Required work
Starting with the line that contains "Illustration of Maria Ressa", reproduce each line through the end of the listing below, with no other output.

[[ Dataset open ]]

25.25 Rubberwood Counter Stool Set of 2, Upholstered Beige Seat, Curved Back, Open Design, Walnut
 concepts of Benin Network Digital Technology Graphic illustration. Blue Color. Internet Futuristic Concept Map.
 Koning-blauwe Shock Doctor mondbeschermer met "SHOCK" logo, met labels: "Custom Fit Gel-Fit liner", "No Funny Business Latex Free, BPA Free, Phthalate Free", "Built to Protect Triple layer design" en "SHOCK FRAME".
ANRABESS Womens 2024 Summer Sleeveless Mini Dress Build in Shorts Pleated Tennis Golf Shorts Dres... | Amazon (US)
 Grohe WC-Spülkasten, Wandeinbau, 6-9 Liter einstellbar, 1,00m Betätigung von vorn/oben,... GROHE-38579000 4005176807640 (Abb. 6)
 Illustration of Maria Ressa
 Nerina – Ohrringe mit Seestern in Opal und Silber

[[ Dataset closed ]]

Answer to this problem
 Illustration of Maria Ressa
 Nerina – Ohrringe mit Seestern in Opal und Silber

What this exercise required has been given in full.